Date Thu, 13 Apr 2006 02:31:50 GMT
Oh, no.  Here come the religious arguments.  Although you'll likely
find more Java than PHP programmers on this list!

To be fair, although I'm a Java programmer I attended a compelling
presentation on designing scalable apps with PHP.  (Taught by Cal
Henderson of Flickr).  So, I'm wary of blanket statements condemning
scripting languages or PHP.

Anyone have good practical resources/articles on scalable web app
design to point Dominik towards?


On 4/12/06, Peter Harrison <> wrote:
> Dominik Bruhn wrote:
> > Hy Will,
> > thanks to your response. My question was not only concerning Velocity but also
> > about Java in General in Comparison to PHP. I hope that there are some
> > Developers who have user Java and Velocity in realy huge sites.
> >
> You must also consider complexity. If you have a site which is simple
> then PHP will probably be fine, even under heavy load.

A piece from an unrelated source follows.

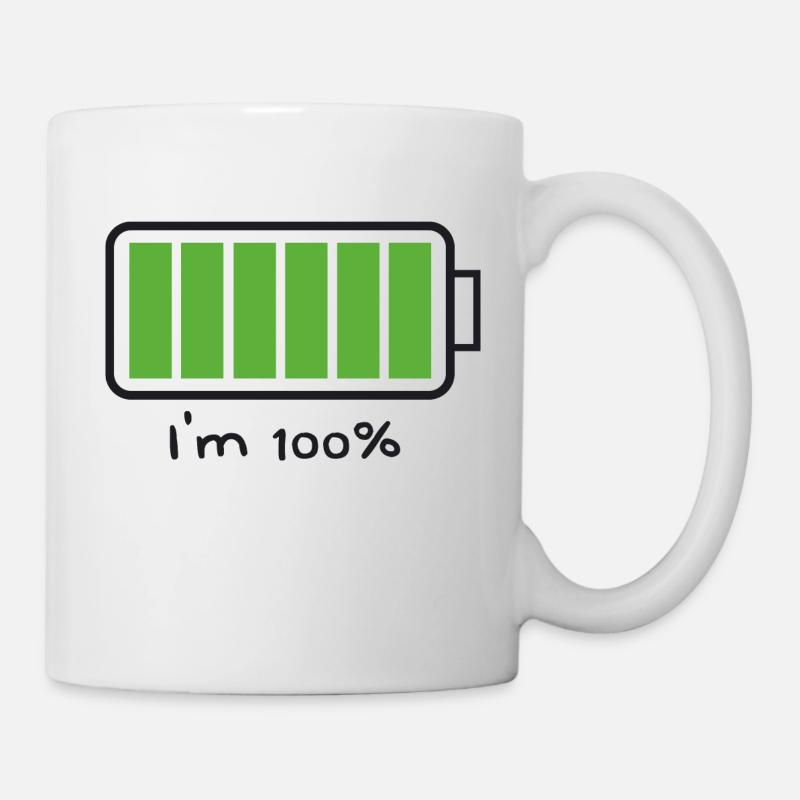 i'm 100 % - Mug blanc - blanc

However, if your
> application is complex then Java shows its mettle.
> You *can* write nice PHP code, but it requires a disciplined developer.
> You can also write horrible Java code, although its less permissive
> about what it allows at compile time (strong typing).
> The point is that each language has its role, and I think blanket
> statements like "PHP is not a language" are not helpful. Python for
> example is a great language, and we have used it several times to
> develop quick solutions that would have been substantially more
> difficult in Java.
> However, with the infrastructure around Java/Struts/Velocity the actual
> code you have to write is greatly reduced, and whats left is simplified.
> For web apps Java/Tomcat/Struts/Velocity remains a credible and
> effective solution.
> The downside to Java I feel is a pretty long learning curve compared to
> other languages. It is certainly more verbose, and has quite a few
> elements that make life complex.
> PHP and Python on the other hand have not developed the same
> infrastructure to date, although if you want a CMS there are many
> options that will be a good start.
> As for performance, I must agree that performance is a question of
> architecture and complexity. Complex applications will be slower because
> they need more DB time and more CPU. The best way to handle this is - as
> a previous poster said, keep everything cached where possible, hit the
> db the least possible, and keep the architecture open so you can deploy
> multiple web servers as part of a cluster.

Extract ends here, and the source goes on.